For lawnmowers to last, putting them away for winter has to include more than parking them in a garage or shed. Take some time to properly maintain your lawnmower before we get any farther into the winter season. Ward Upham, horticulturist for Kansas State University Research and Extension, has offered some advice.
For starters, any gasoline left in the mower is likely to deteriorate -- become thick and gummy -- by next spring.
"That's why servicing your mower before storing it has to include draining the gas tank or running the motor until it's out of gas. Or, you can treat the gas with a stabilizer and then run the engine long enough to burn up and replace the untreated gas that was left in the carburetor bowl," he said. "Then, while the engine is warm, you might as well change the oil, too."

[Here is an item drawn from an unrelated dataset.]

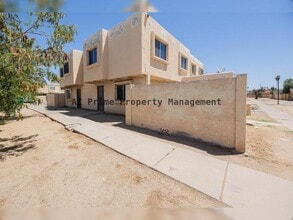 Building Photo - 4403 E Riverside St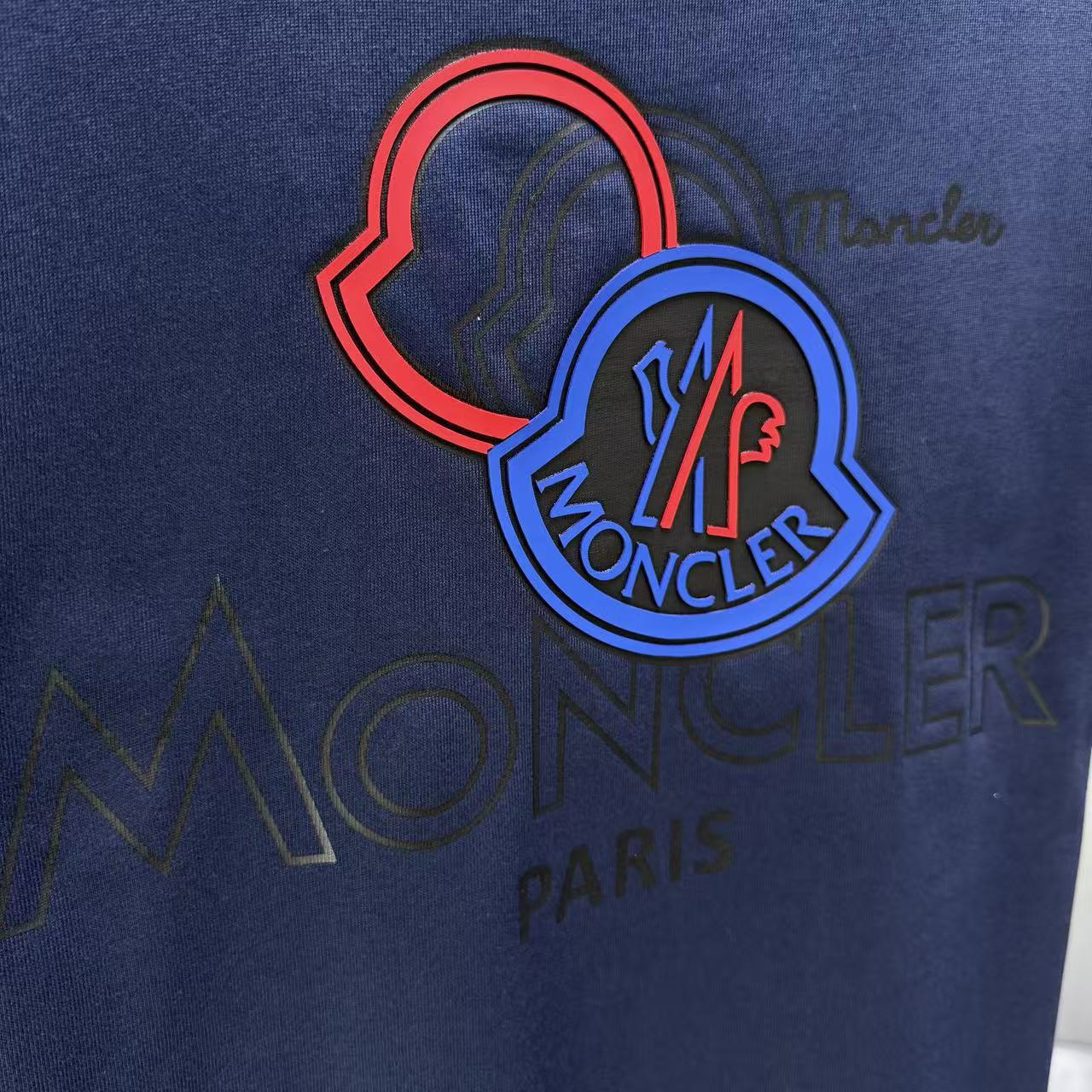 <p>Moncler 短袖T恤(深藍)</p>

For lawn equipment with a battery, pre-storage service also should include cleaning the battery terminals as they usually corrode during the mowing season.
He recommends removing the spark plug and lubricating the mower's cylinder by putting a few drops of oil inside the spark plug hole. (For safety's sake, replacing the spark plug should be among the last fall maintenance tasks.)

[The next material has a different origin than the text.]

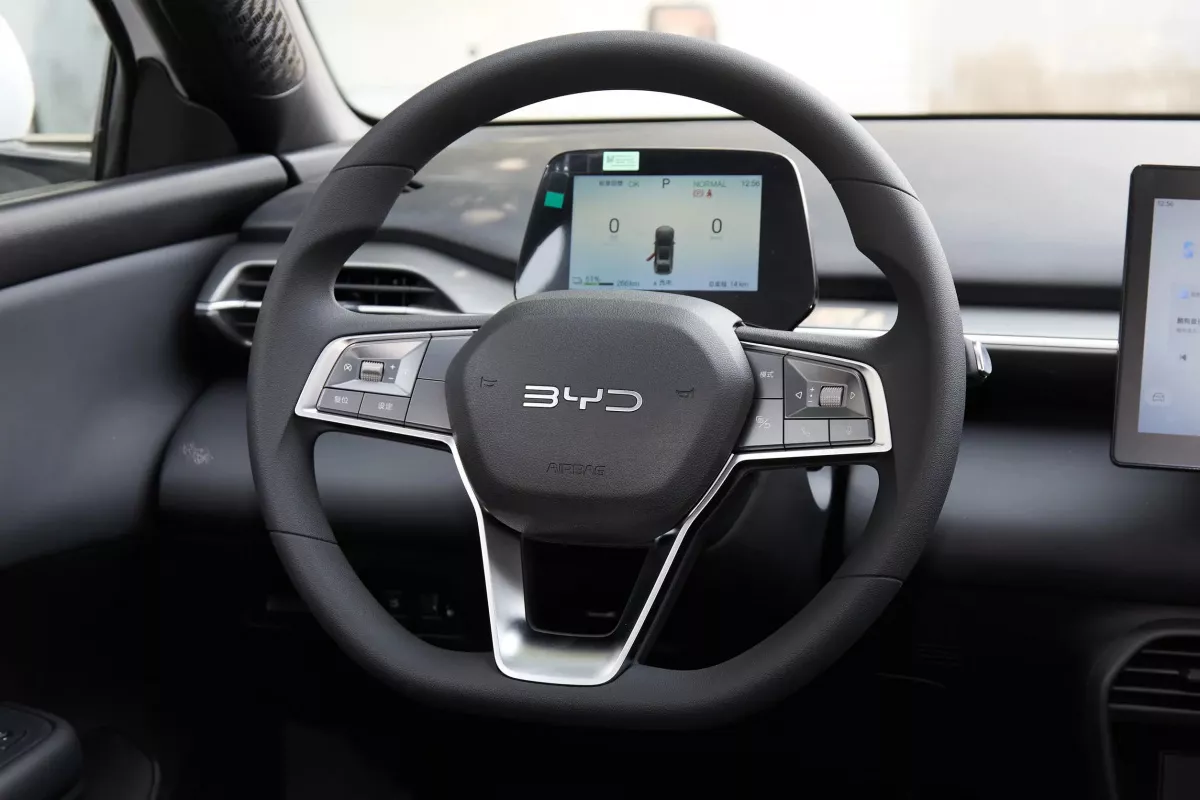 BYD E7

"These chores are the minimum," Upham said. "I've found it's a good practice, though, to go ahead and ensure everything is in good working order, too. That generally requires you to review the owner's manual. But it can really reduce the time losses and frustration caused by poorly performing equipment when our next hectic spring rolls around."

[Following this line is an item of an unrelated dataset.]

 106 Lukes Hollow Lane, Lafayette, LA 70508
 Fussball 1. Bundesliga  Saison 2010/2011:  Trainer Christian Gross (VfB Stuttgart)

He begins the additional maintenance by checking the manual and getting the dirtiest chore out of the way --cleaning the mower deck. Typically, manufacturers recommend doing this twice a year. "And, if you want to make cleaning easier the next time, you can follow up by spraying your clean, dry deck surface with vegetable oil."
While the deck is exposed is also a good time to consider whether the blades need to be replaced or sharpened.
Upham said other late-fall maintenance can include what's needed among the following:
* Check all nuts and bolts to ensure that vibration hasn't shaken them loose.
* Inspect the entire length of belts and replace any that look worn or torn.
* Inspect the pull-cord leading into the flywheel casing or inspect the electric power cord, if appropriate. Replace if either is frayed, cut or cracked.
* Check air filter for buildups or blockages.
* Lubricate parts as recommended by your owner's manual.
* Clean and replace the spark plug.
"This kind of check-up can make a big difference in how early and how easily you get started next spring. It can affect how many problems you develop through the growing season. It can even have an impact on the life of your mower," Upham said. "It takes a little time, particularly if you've never done it before. But it's well worth the investment."